» WHAT THE TASK REQUIRES
With the pictures omitted, repeat exactly the lines below starting with the line that has "Once we do BoxM" and going on through the line that has "You can have".

» RECORDED DATA
────

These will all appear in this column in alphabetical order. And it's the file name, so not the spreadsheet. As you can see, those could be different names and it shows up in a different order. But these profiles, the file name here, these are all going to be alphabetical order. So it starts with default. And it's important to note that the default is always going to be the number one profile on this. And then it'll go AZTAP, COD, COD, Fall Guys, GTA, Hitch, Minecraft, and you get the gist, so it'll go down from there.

────

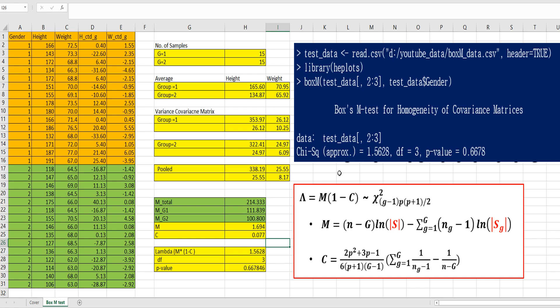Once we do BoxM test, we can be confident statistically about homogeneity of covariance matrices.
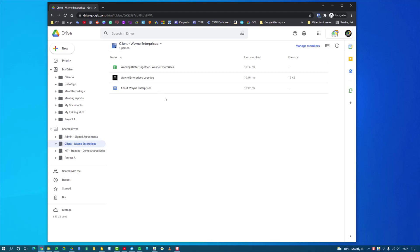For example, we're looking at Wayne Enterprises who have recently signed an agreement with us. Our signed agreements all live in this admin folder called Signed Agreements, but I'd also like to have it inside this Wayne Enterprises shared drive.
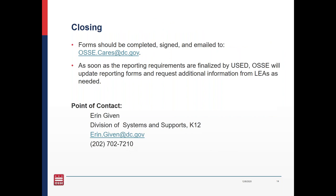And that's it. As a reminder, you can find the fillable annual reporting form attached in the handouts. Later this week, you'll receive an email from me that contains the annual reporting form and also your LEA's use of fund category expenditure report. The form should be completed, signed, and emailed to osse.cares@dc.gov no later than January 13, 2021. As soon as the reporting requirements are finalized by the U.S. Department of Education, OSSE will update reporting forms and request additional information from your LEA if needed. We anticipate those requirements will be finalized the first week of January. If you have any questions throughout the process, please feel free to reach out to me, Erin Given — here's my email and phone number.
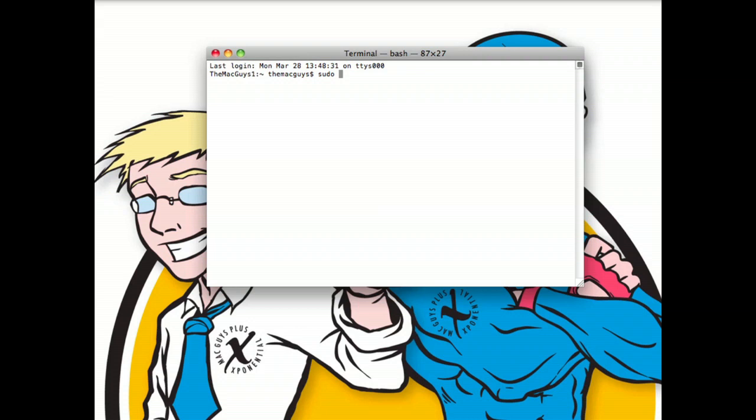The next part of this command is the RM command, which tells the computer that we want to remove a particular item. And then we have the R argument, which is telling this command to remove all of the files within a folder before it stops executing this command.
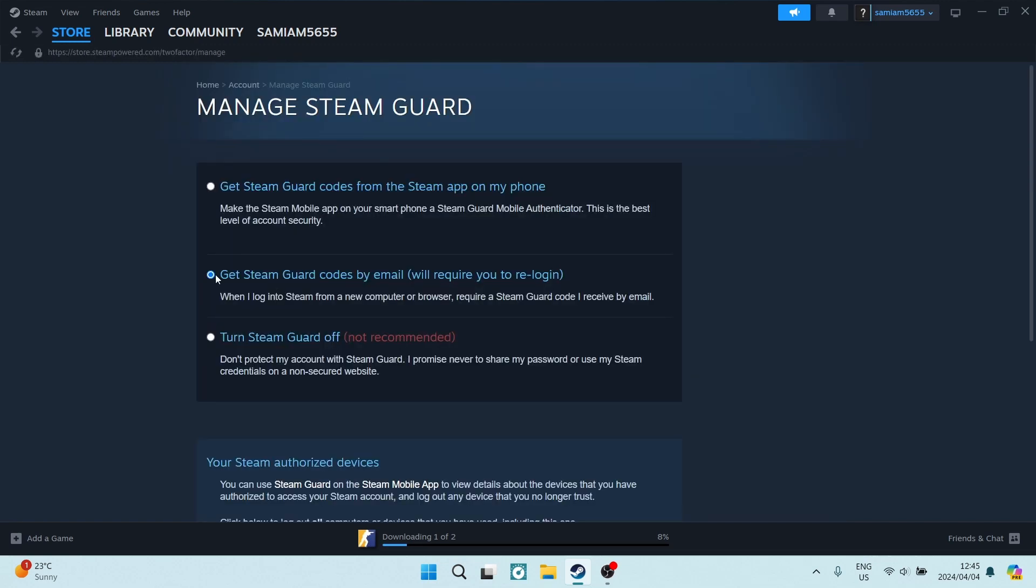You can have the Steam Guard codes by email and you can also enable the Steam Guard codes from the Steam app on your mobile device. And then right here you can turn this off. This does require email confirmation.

────

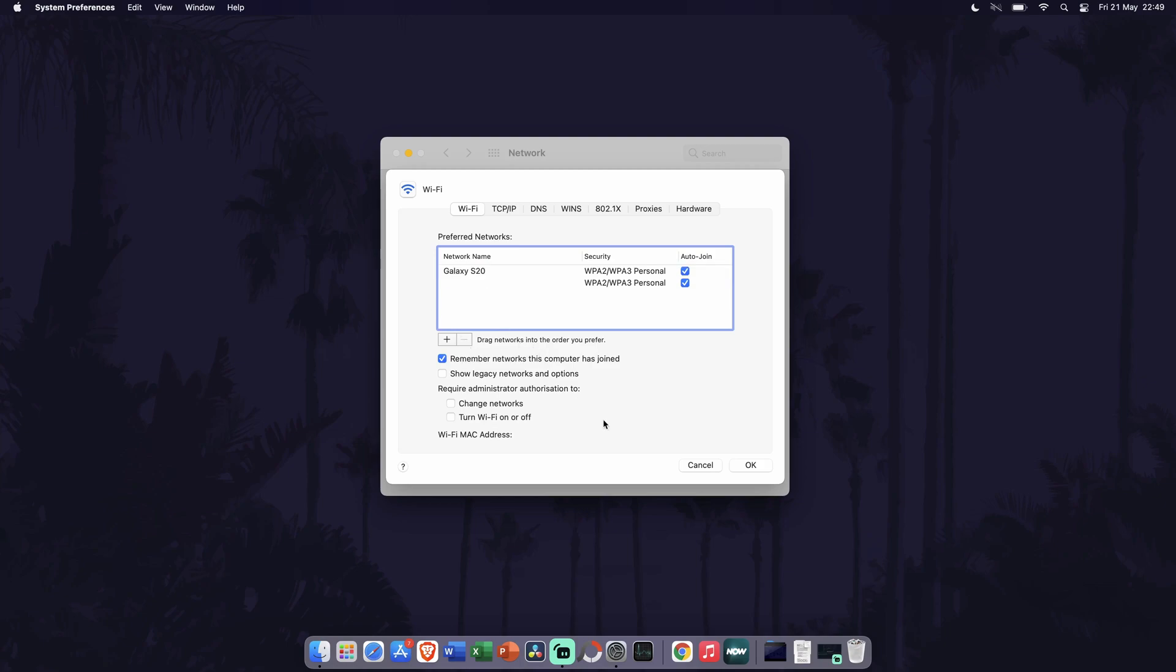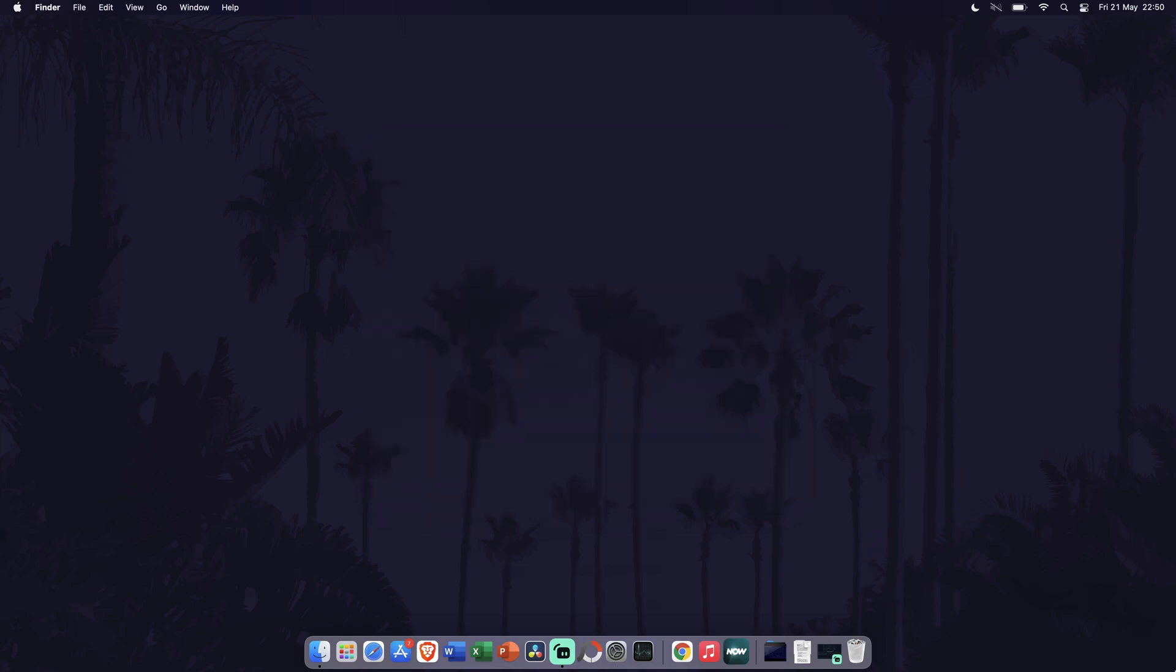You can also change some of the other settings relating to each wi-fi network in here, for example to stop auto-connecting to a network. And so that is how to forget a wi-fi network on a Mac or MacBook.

────

» WRITTEN ANSWER
Once we do BoxM test, we can be confident statistically about homogeneity of covariance matrices.
For example, we're looking at Wayne Enterprises who have recently signed an agreement with us. Our signed agreements all live in this admin folder called Signed Agreements, but I'd also like to have it inside this Wayne Enterprises shared drive.
And that's it. As a reminder, you can find the fillable annual reporting form attached in the handouts. Later this week, you'll receive an email from me that contains the annual reporting form and also your LEA's use of fund category expenditure report. The form should be completed, signed, and emailed to osse.cares@dc.gov no later than January 13, 2021. As soon as the reporting requirements are finalized by the U.S. Department of Education, OSSE will update reporting forms and request additional information from your LEA if needed. We anticipate those requirements will be finalized the first week of January. If you have any questions throughout the process, please feel free to reach out to me, Erin Given — here's my email and phone number.
The next part of this command is the RM command, which tells the computer that we want to remove a particular item. And then we have the R argument, which is telling this command to remove all of the files within a folder before it stops executing this command.
You can have the Steam Guard codes by email and you can also enable the Steam Guard codes from the Steam app on your mobile device. And then right here you can turn this off. This does require email confirmation.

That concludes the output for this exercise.